Bodhidharma's successor has no less dramatic a story than the First Patriarch himself.

Dazu Huike ("The Great Ancestor who is Certainly Wise") had been a scholar of both Buddhist and Daoist writings until, around age 40, he met his Master. Some say he was already enlightened before the meeting, but the first encounter did not go smoothly.

Bodhidharma was still in his cave above Shaolin Temple, concentrating on his nine-year discipline. Having been refused an audience, Huike demonstrated his sincerity by cutting off his arm and offering it to the Master. A modern statue at Erzu Temple in Anhui depicts the Second Patriarch with one hand raised as in half a greeting--like the sound of one hand clapping!

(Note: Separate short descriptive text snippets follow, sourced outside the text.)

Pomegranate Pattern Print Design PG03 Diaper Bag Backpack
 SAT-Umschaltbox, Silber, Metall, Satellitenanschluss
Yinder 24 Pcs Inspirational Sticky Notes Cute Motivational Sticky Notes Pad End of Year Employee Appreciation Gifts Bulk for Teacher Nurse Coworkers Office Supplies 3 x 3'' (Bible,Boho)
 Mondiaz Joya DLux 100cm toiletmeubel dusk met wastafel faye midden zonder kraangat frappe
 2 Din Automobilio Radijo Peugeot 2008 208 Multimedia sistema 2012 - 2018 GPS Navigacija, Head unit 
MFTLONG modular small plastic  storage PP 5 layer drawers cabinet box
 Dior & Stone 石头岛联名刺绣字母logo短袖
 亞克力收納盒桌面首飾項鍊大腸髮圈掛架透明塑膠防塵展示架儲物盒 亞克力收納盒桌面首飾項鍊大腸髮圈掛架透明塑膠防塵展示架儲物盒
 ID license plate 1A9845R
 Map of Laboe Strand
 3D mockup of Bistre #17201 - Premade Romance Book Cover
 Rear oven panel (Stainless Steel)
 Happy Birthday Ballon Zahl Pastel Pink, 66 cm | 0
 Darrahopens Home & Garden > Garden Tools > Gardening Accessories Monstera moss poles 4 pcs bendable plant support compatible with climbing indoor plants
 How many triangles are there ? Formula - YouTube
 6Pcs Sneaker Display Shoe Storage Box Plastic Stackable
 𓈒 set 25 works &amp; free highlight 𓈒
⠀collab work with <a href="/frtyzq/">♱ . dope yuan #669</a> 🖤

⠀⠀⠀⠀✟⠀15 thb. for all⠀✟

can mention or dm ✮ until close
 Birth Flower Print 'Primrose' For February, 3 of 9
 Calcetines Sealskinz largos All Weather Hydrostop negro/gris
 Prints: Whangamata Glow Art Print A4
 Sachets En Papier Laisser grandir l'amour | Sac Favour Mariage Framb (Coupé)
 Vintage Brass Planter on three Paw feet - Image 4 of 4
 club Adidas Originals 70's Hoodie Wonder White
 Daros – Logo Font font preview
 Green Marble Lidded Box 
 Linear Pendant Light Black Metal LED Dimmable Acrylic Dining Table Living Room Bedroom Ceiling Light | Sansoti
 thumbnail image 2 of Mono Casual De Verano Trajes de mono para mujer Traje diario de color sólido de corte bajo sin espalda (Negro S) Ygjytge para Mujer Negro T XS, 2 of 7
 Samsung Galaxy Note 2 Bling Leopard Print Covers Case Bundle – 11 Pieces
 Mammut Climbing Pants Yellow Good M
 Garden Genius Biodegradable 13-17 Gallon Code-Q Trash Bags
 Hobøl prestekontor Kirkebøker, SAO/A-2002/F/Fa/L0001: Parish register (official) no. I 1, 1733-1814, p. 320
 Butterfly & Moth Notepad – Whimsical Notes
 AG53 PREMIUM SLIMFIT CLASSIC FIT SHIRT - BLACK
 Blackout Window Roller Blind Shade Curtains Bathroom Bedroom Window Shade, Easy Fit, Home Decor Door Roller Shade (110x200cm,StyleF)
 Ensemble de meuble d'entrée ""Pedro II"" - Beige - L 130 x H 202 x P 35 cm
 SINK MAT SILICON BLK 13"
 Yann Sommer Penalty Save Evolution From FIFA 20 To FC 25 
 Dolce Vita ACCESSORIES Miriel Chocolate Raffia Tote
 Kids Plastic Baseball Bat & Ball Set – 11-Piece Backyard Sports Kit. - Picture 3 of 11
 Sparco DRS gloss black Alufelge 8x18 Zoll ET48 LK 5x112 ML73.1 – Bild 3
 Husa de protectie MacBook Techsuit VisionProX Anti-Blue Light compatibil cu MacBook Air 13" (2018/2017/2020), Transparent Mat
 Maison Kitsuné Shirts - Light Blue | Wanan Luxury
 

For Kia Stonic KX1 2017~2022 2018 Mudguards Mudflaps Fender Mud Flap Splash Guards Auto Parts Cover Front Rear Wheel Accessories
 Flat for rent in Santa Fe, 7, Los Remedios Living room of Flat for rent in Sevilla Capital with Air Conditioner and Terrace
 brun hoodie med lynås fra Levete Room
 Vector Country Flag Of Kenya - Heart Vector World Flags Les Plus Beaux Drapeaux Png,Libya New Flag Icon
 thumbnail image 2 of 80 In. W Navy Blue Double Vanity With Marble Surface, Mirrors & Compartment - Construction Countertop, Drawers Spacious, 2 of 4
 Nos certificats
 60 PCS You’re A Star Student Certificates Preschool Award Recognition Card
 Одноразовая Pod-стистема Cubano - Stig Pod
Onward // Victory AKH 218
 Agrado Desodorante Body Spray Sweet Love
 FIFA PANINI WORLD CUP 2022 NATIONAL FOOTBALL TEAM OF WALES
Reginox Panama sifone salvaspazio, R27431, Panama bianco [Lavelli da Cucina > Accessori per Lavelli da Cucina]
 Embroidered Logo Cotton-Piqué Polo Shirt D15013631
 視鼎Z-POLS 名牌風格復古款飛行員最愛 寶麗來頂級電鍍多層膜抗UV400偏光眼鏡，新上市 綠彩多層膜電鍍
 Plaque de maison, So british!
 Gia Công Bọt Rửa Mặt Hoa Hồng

A number of exchanges between Master and student (who was later master to the Third Patriarch) have been recorded. In one, Huike begged of Bodhidharma, "My mind is in turmoil. Please pacify it."

"Bring it to me," Bodhidharma replied, "and I will."

But Huike replied, "I have searched and searched, but cannot find it."

"There!" said Bodhidharma replied, "I have pacified it!"

After receiving the robe and bowl from his Master (who, legend says, was later seen walking back to India--three years after his death and burial at Shaolin Temple), Huike spent most of his life in Yedu, Henan. But in one tumultuous period, he fled to remote Sikong Mountain, where he meditated in a cave. Modern Erzu Temple is now located at the foot of that mountain.

He died at age 105 or 106; one source says he was executed because other Buddhist teachers were jealous of his popularity.

A statue at Erzu Temple shows Huike offering a one-handed greeting.